During a public meeting on Nov. 22, Elgie used the N-word in reference to Charline Grant, a parent. Elgie admitted to using the slur in a letter to Grant.

The apology

In Elgie's letter to Grant, she apologized and committed to equity training, adding that "as soon as my brain registered what I had said, I was overcome with shock and dismay. I felt heartsick and deeply ashamed to have said something so hurtful – even unintentionally – and so foreign to the values I have held throughout my entire life."

Grant told CBC Toronto that the apology doesn't do enough to solve the problem of systemic racism within the board, and she is calling on the board's director, Jegan-Philip Parappally, to step down.

No person who holds public office has reached out in sympathy or apologized to Grant.

What could happen tonight?

A trustee is a publicly elected official so cannot be removed from office, forced to step down or retire.

This leaves the school board with minimal power when it comes to disciplining trustees.

A petition, which has garnered more than a thousand signatures, will be presented at tonight's meeting, parents told CBC Toronto. 

But it's unlikely any action will be taken tonight.

"The petition would be received as an information item and would be scheduled during an upcoming information meeting for review by trustees," said Christina Choo-Hum, manager of corporate communications for the board.

If a formal complaint is launched against Elgie, alleging a breach of the YRDSB code of conduct for trustees, the possible sanctions are: 

  • Censure — a formal disapproval of actions.
  • Being barred from attending all or part of board meetings.
  • Being barred from sitting on board committees for a period of time.

According to the agenda for tonight's meeting, Nancy Elgie will be in attendance. 

What is a trustee's role?

According to the York Region District School Board, its 12 trustees set policy for more than 200 schools.
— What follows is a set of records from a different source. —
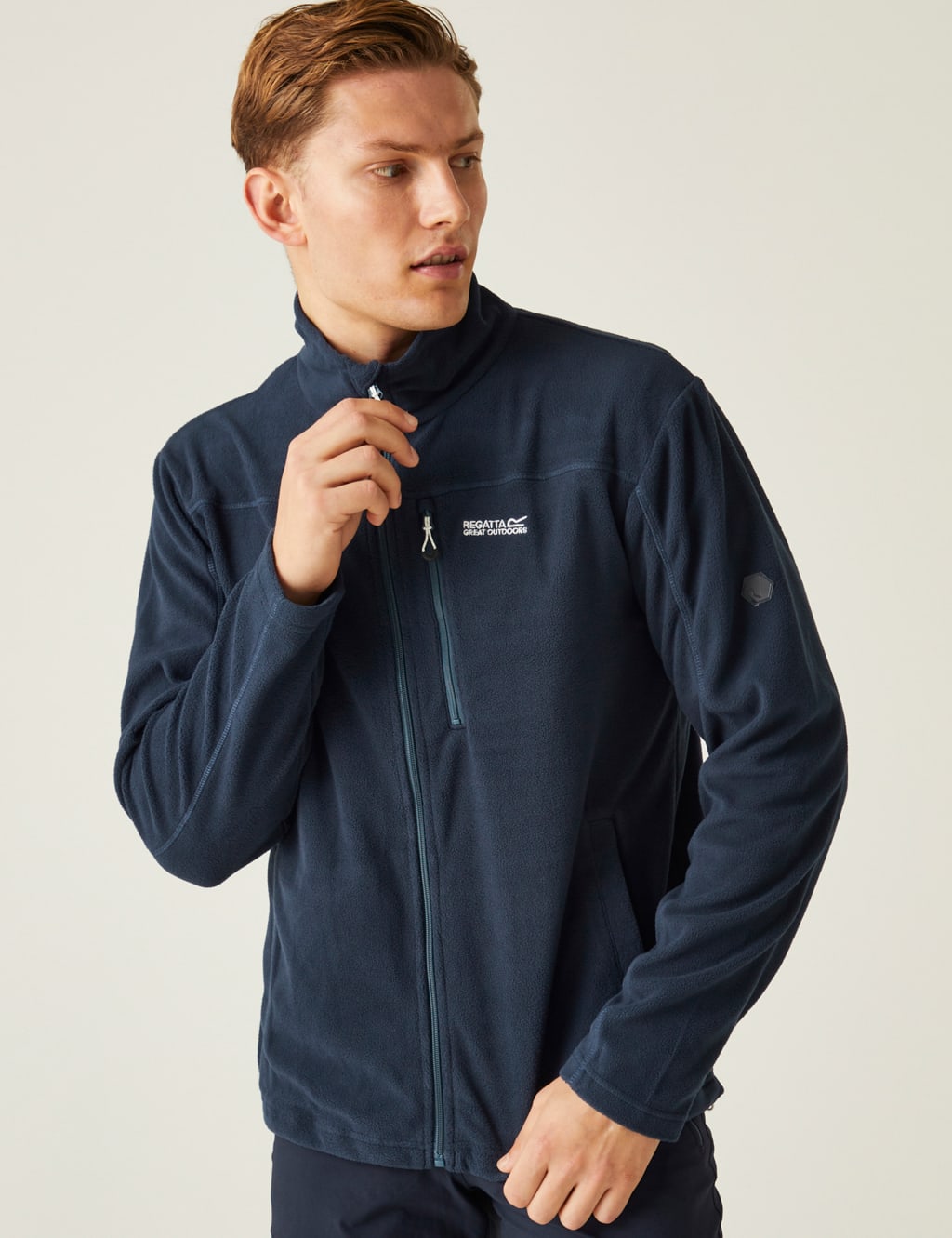 Fellard Funnel Neck Zip Up Fleece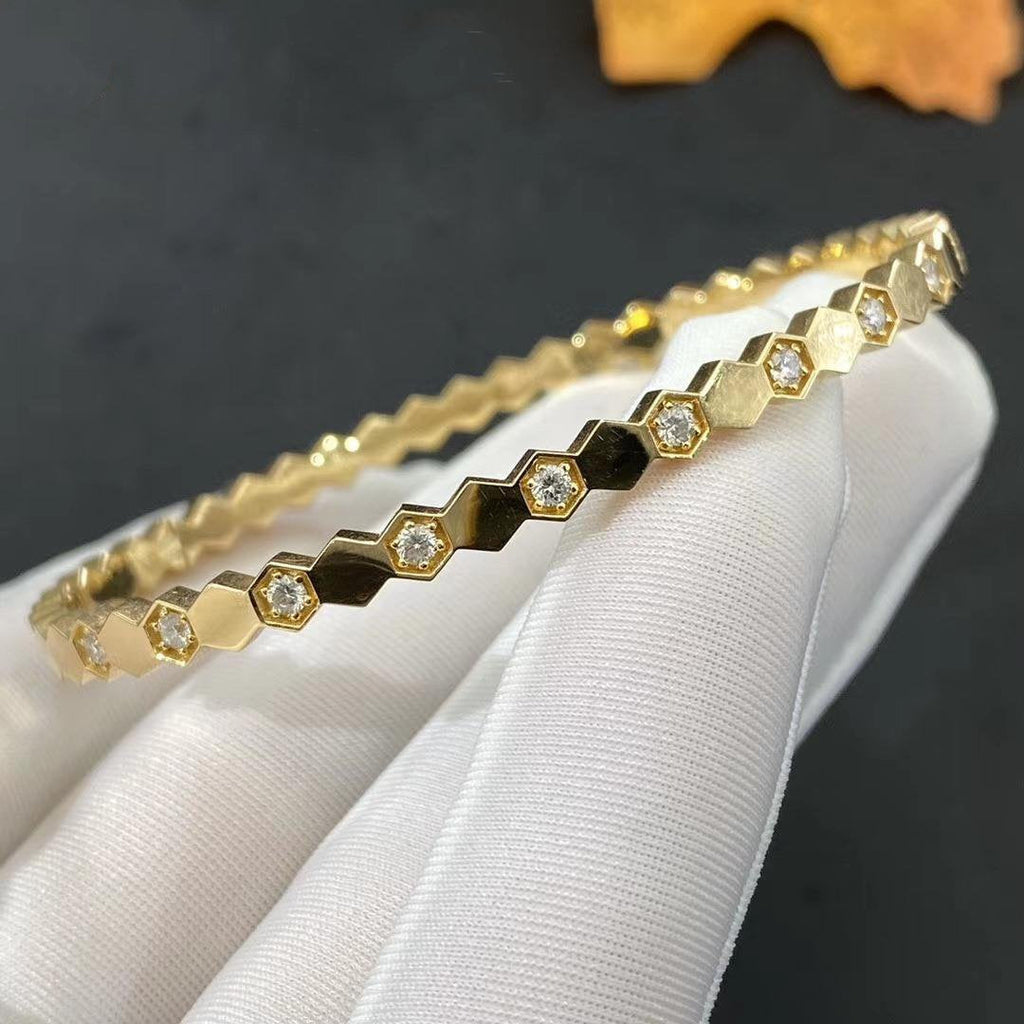 Chaumet Bee Love Gold Cubic Zirconia Bracelet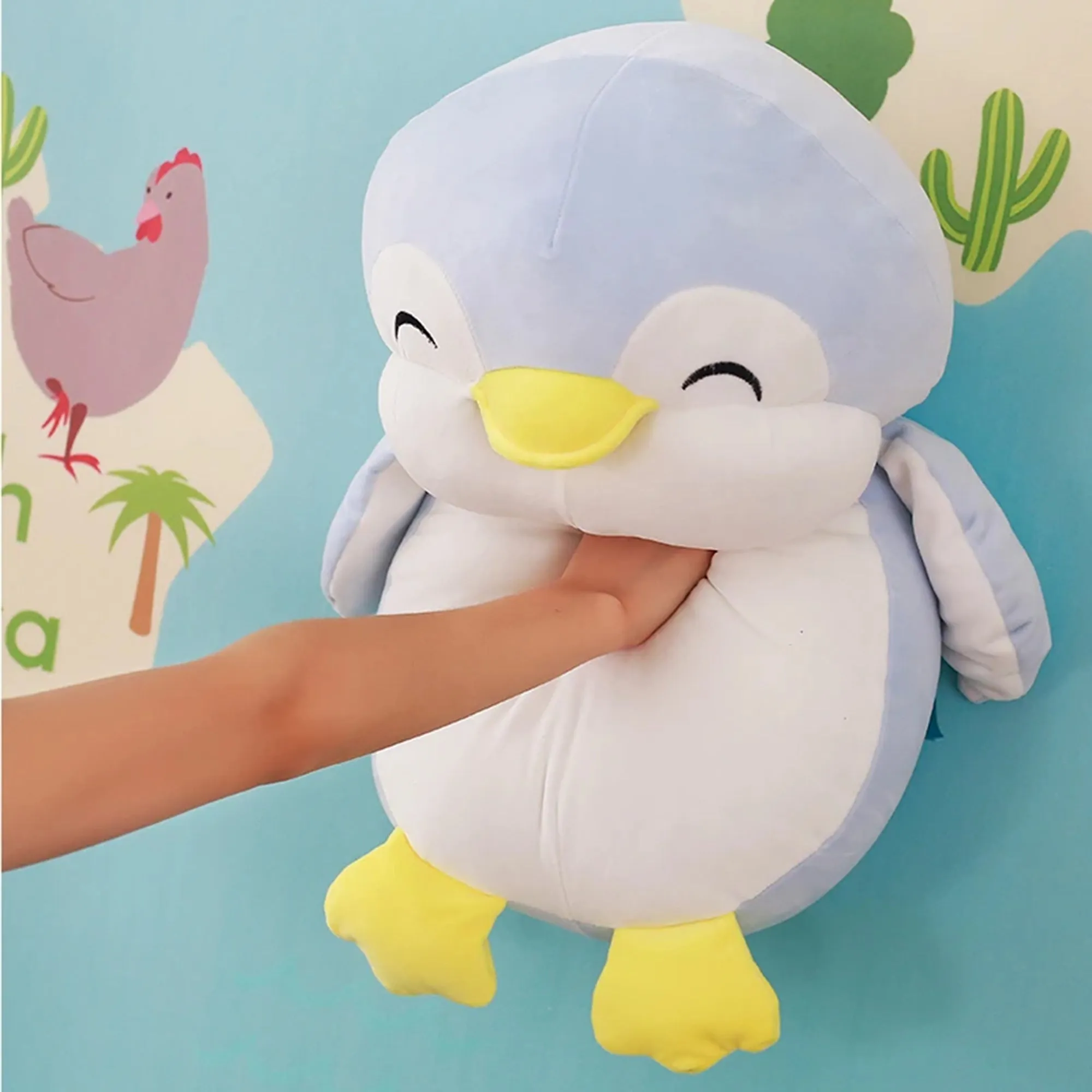 Sublimely Soft Oversized Stuffed Penguin Plushie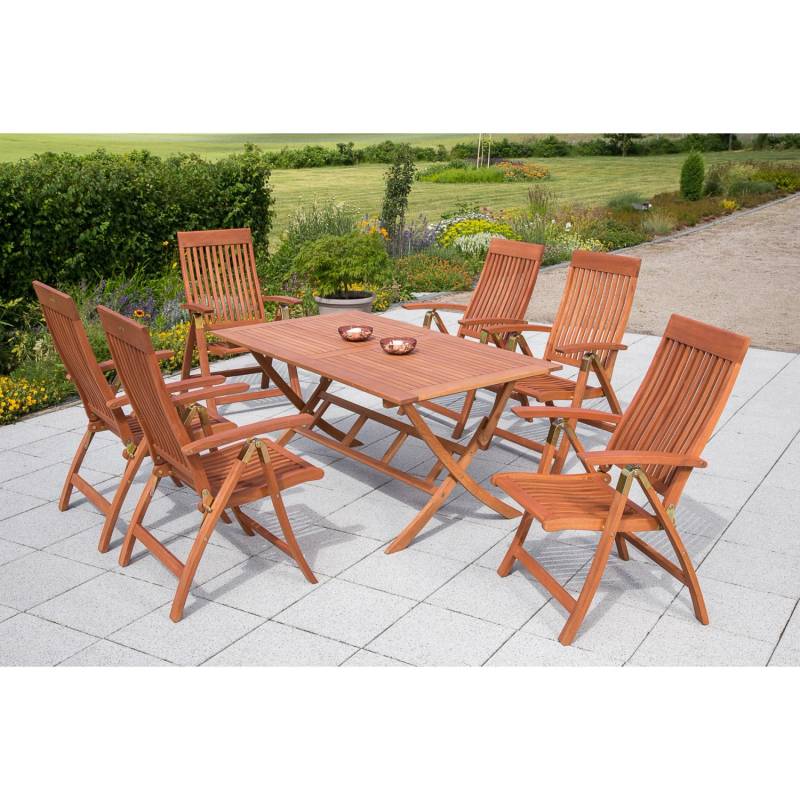 Gartenmöbelgruppe Comodoro 7-teilig Gartenmöbelgruppe Comodoro 7-teilig von Merxx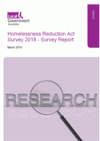 Homelessness Reduction Act Survey 2018 - survey report COVER
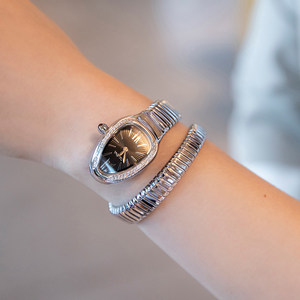 DAVENA手表女士蛇形小表盘2023新款轻奢小众品牌正品女式手镯腕表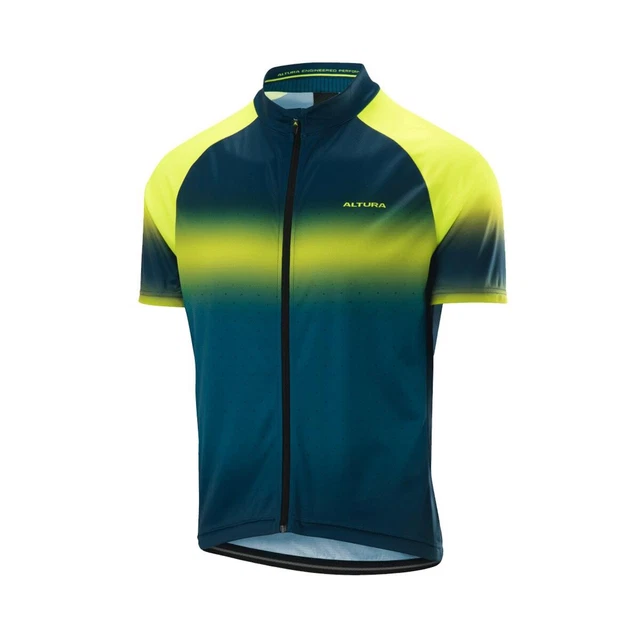 Altura Airstream, Short Sleeve Jersey, High-Viz Yellow/Teal ￼XL BNWT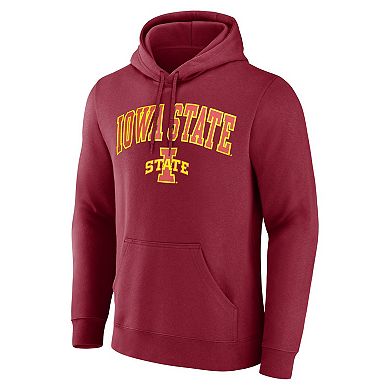 Men's Cardinal Iowa State Cyclones Fleece Pullover Hoodie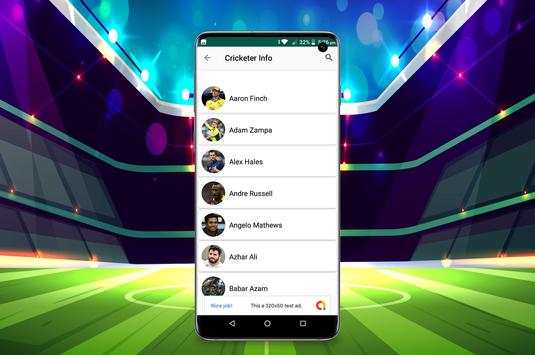 Cricket Players screenshot 2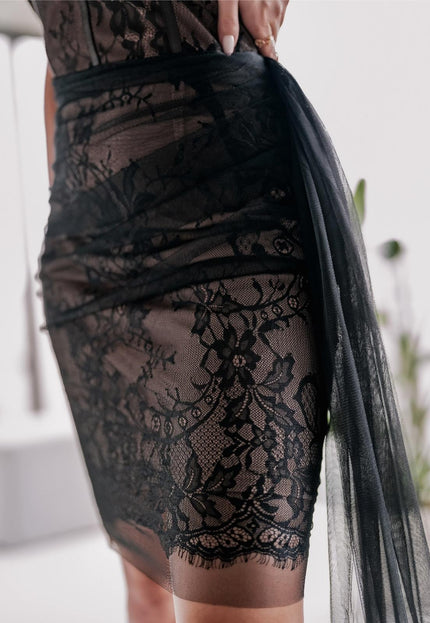 OP=OP! Exclusieve Party Jurk Zwart Kant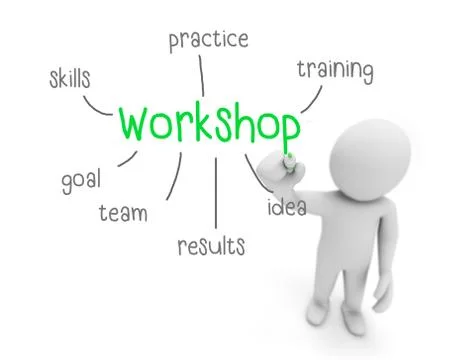 Workshop Stock Illustration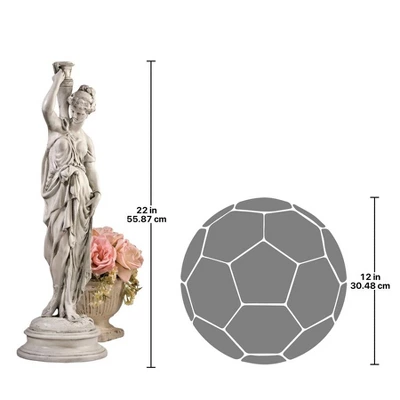 Design Toscano Dione, The Divine Water Goddess Garden Statue: Medium 3 Design Toscano Dione, The Divine Water Goddess Garden Statue: Medium
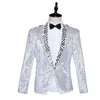 Men's Suits Sequins Blazer Men Formal Dress Latest Coat Pant Designs Suit Costume Homme Terno Masculino For Bar Host Singers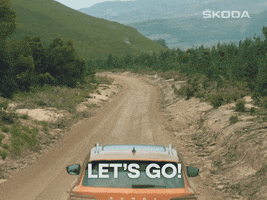 Coming Lets Go GIF by Škoda Global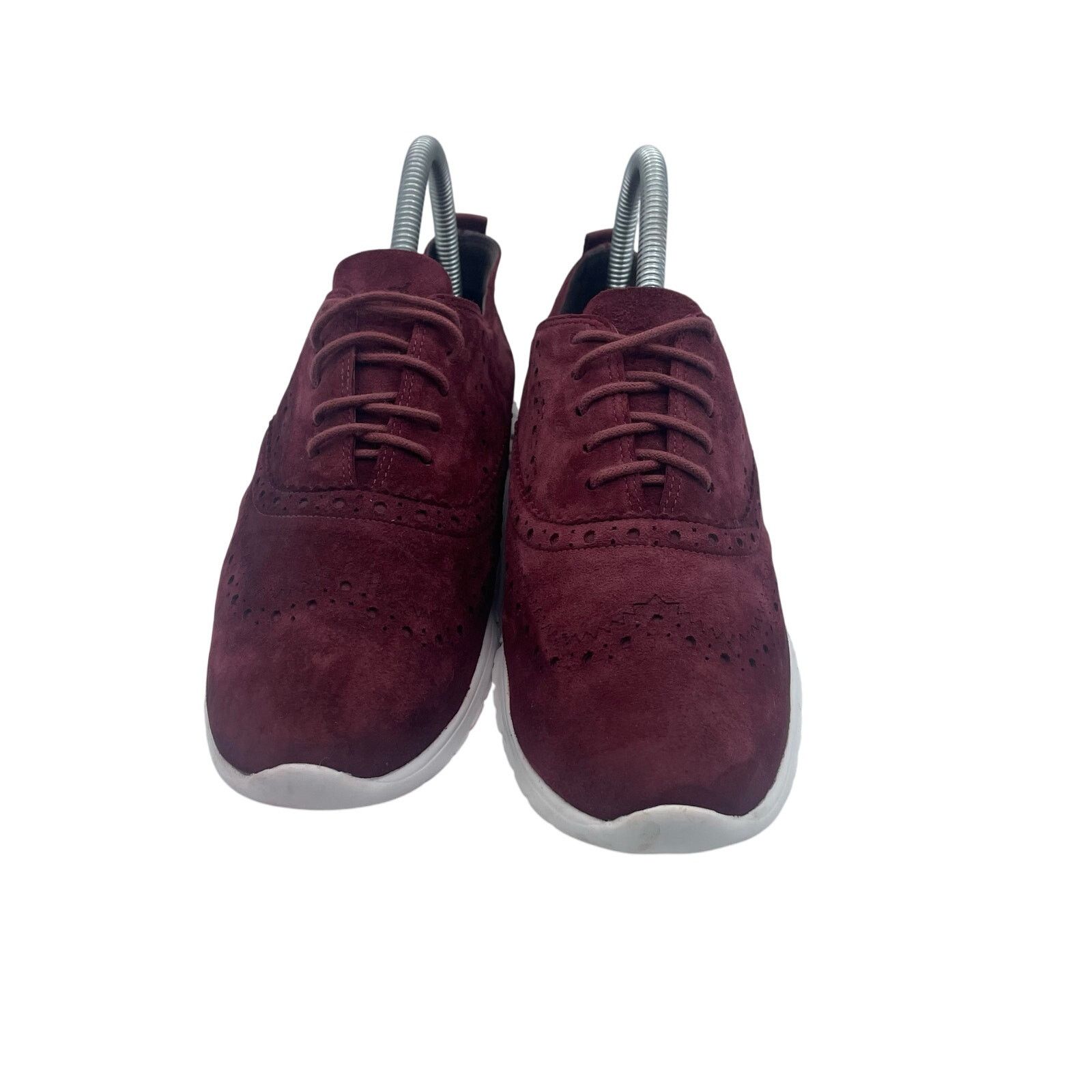 Cole Haan Cole Haan ZeroGrand Wingtip Oxford Shoes Suede Red Women 7.5 Size US 7.5 / IT 37.5 - 2 Thumbnail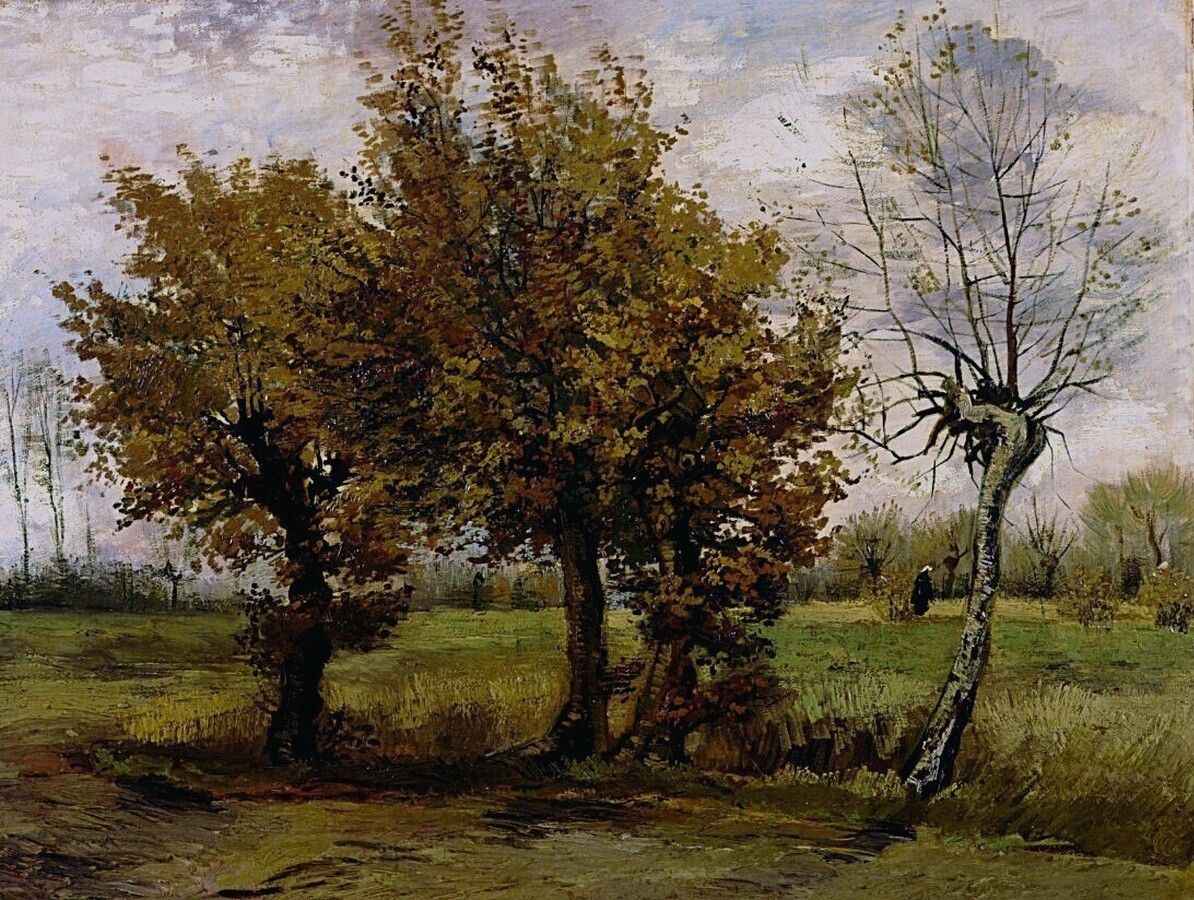 Винсент Ван Гог - Осенний пейзаж с четырьмя деревьями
Among other duties, they are responsible for developing board policies, addressing concerns from the community and monitoring the performance of the director of education.

Trustees do not receive a salary, but are given an honorarium of $23,472.26. The board chair receives an extra $10,000. The current director, Parappally, had a salary of $281,836.10 in 2016, up 40 per cent from 2015 according to Ontario's annual sunshine list.

Other board controversies

The YRDSB has been accused of systemic racism in the past and critics say the issue has long gone unaddressed. Ontario Education Minister Mitzie Hunter called on the board to deliver an action plan stating how it will address allegations of Islamophobia and racism.

The board delivered that plan on Jan. 13 which promised to meet with parents and community members to build trust — but it was widely criticized for falsely delivering concrete details.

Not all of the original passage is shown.